• _What is needed_
The records should be repeated word for word, pictures excluded.

======

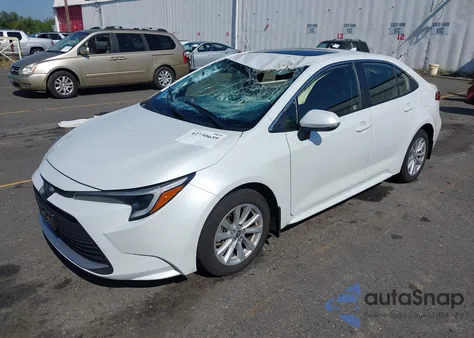 2024 Toyota Corolla Hybrid Xle z USA, uszkodzony, nr VIN JTDBCMFE4R3051104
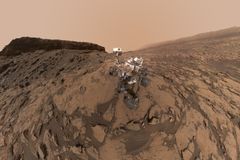 Vozítko Curiosity jen stálo na Marsu a fotilo. Vytvořilo dosud nejdokonalejší snímek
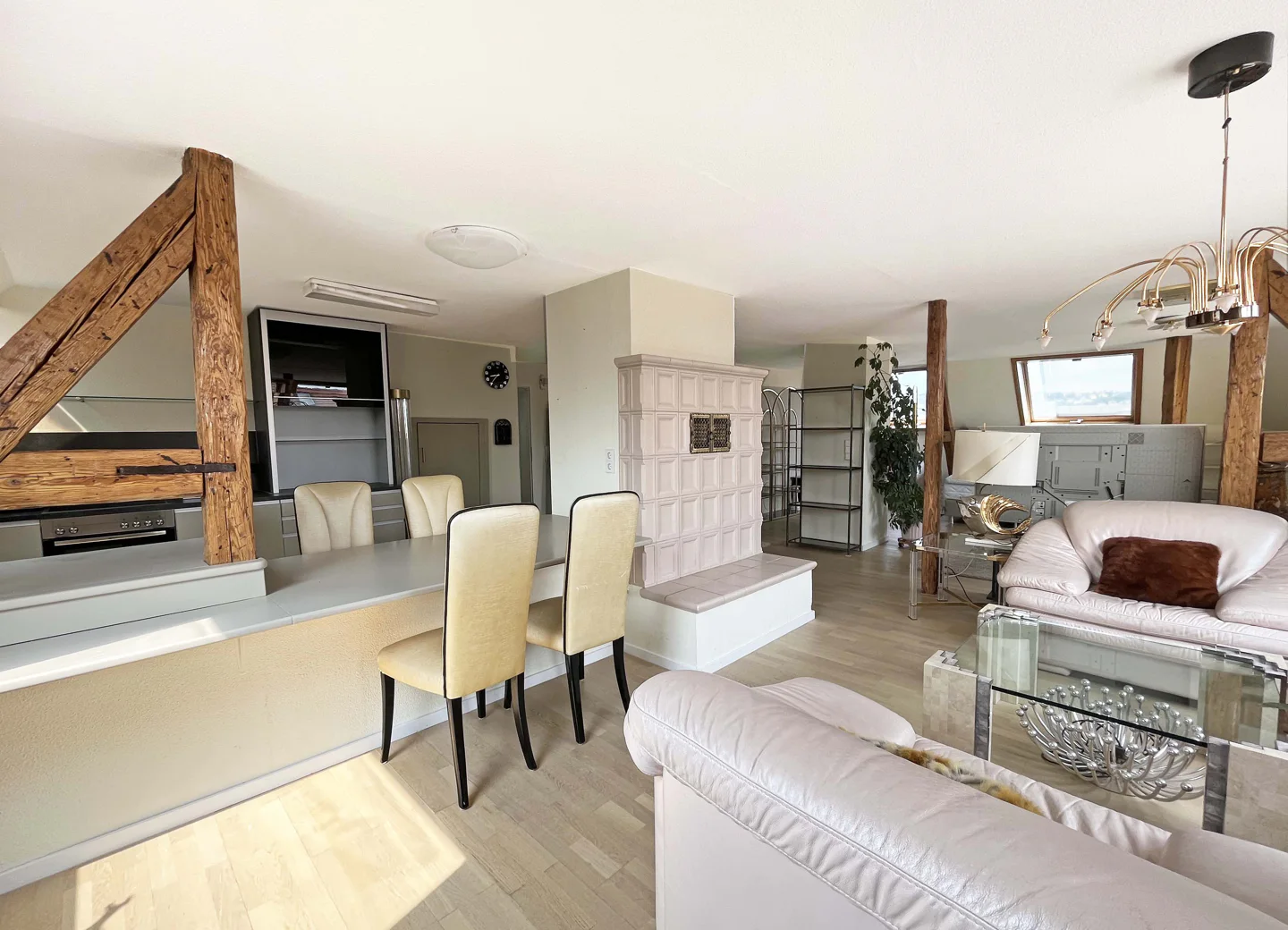 Zentral in Stgt-West: DG-Maisonette mit großer Dachterrasse - Photo 1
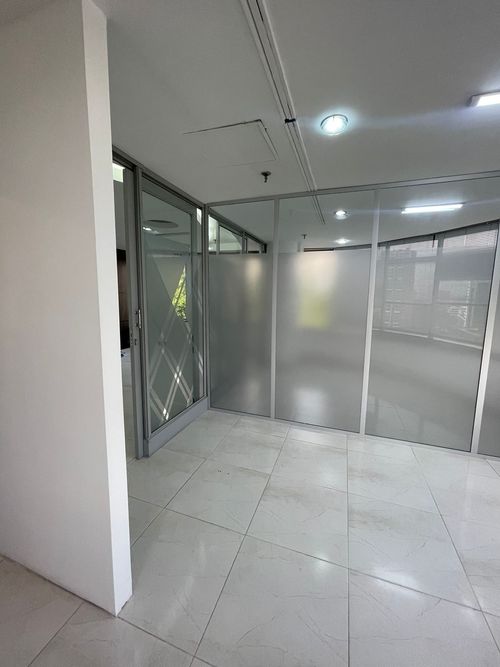 Oficina en  Arriendo en El Poblado, Medellín - Miniatura 25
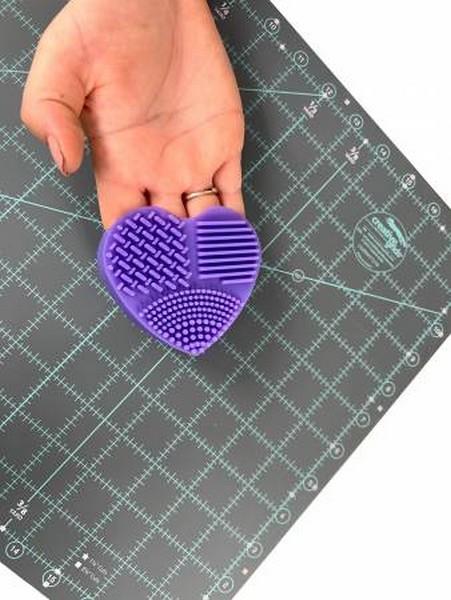 Heart Shaped Mat Cleaning Pad available in Canada at The Quilt Store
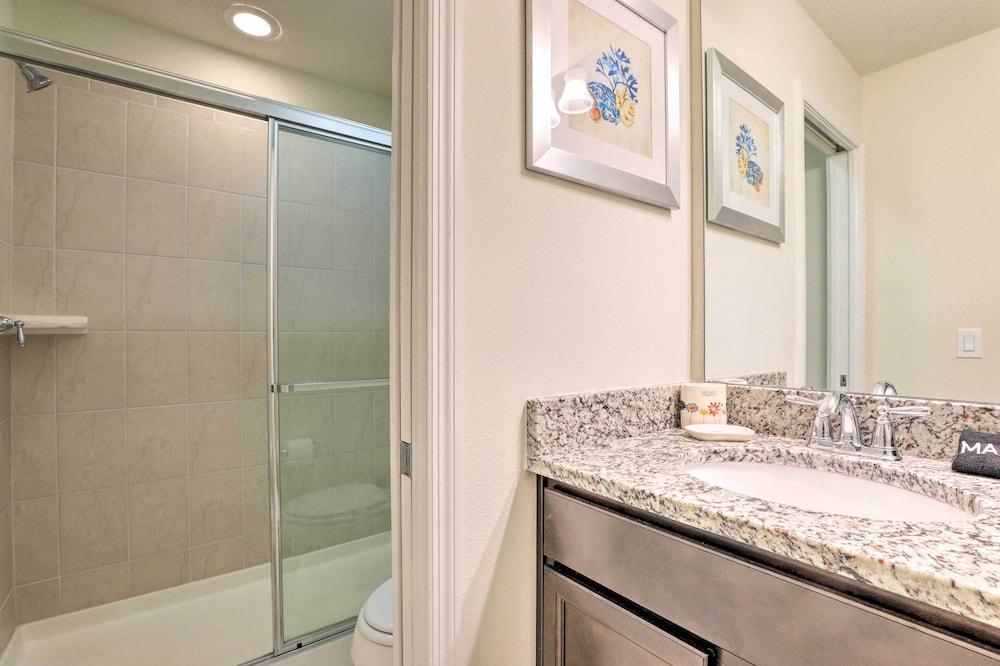 New Upscale 8BR Kissimmee Retreat with Private Pool Spa & Resort Amenities 7 Mi to Disney - photo 42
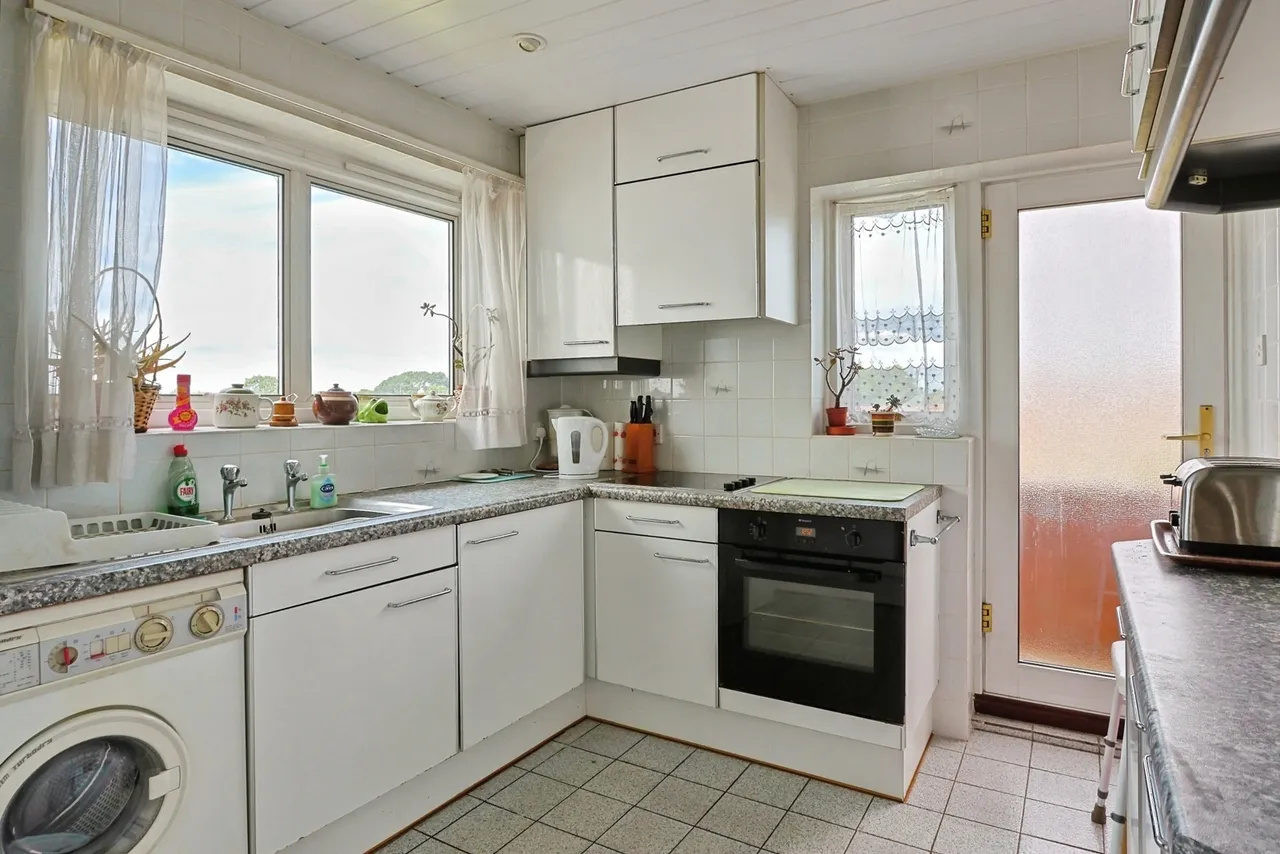 Midwood Avenue, Queens Park, BH8, photo 2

======

• _Response_
 2024 Toyota Corolla Hybrid Xle z USA, uszkodzony, nr VIN JTDBCMFE4R3051104
 Vozítko Curiosity jen stálo na Marsu a fotilo. Vytvořilo dosud nejdokonalejší snímek
 Zentral in Stgt-West: DG-Maisonette mit großer Dachterrasse - Photo 1
 Oficina en  Arriendo en El Poblado, Medellín - Miniatura 25
 Heart Shaped Mat Cleaning Pad available in Canada at The Quilt Store
 New Upscale 8BR Kissimmee Retreat with Private Pool Spa & Resort Amenities 7 Mi to Disney - photo 42
 Midwood Avenue, Queens Park, BH8, photo 2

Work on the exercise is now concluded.